For more than five years prior to that, Mr. Bakonyi was a Vice President of
Reading & Bates Drilling Co. Mr. Bakonyi is a citizen of Australia.

     Tim W. Nagle has been Executive Vice President of the Company since January
1998, and on May 19, 1999 he was also made Chief Financial Officer. Mr. Nagle
served as Chief Financial Officer of Reading & Bates for more than five years
prior to 1998. Mr. Nagle is a citizen of the United States.

     Wayne K. Hillin has been Senior Vice President of the Company since January
1998 and on May 19, 1999 was also made General Counsel. Mr.
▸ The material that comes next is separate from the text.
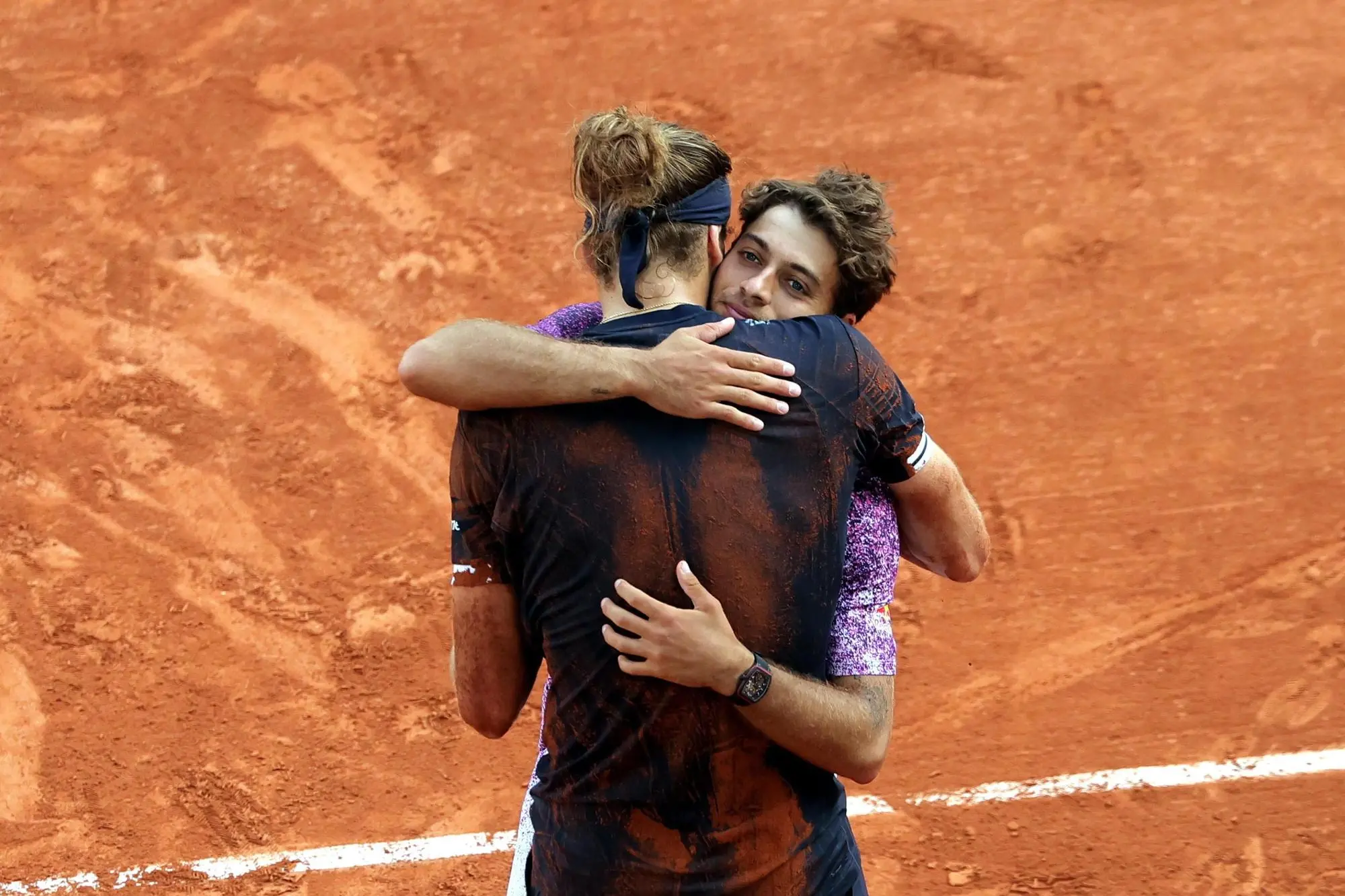 L'abbraccio a fine gara tra Cobolli e Zverev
Hillin was Senior
Vice President and General Counsel of Reading & Bates for more than five years
prior to 1998. Mr. Hillin is a citizen of the United States.
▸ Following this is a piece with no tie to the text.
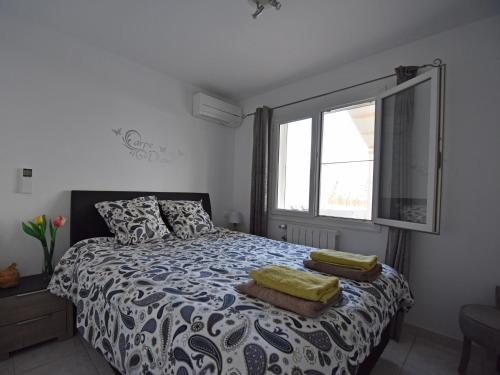 Un dormitorio con una cama con dos almohadas y una ventana. en Villa in Le Grau du Roi near Flamingo Lagoon, en Le Grau-du-Roi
     Charles R. Ofner has been Vice President of the Company since January 1998.
Mr. Ofner was Vice President -- Business Development of Reading & Bates for more
than five years prior to that. Mr. Ofner is a citizen of the United States.
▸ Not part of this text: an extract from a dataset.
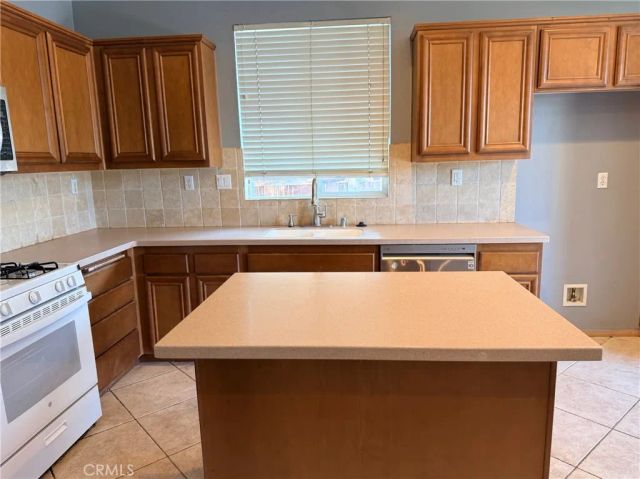 2827 Providence Way, Pomona, CA 91767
     Bernie W. Stewart has been Senior Vice President, Operations of the Company
since May 19, 1999. He previously served as Chief Operating Officer of Falcon
since April 1, 1996 and President of Falcon since January 1998. From 1993 until
joining Falcon, Mr. Stewart was Chief Operating Officer for Hornbeck Offshore
Services, Inc., an offshore supply boat operator, where he was responsible for
overall supervision of that company's operations. From 1986 until 1993, he was
President of Western Oceanics, Inc., an offshore drilling contractor. Mr.
Stewart is a citizen of the United States.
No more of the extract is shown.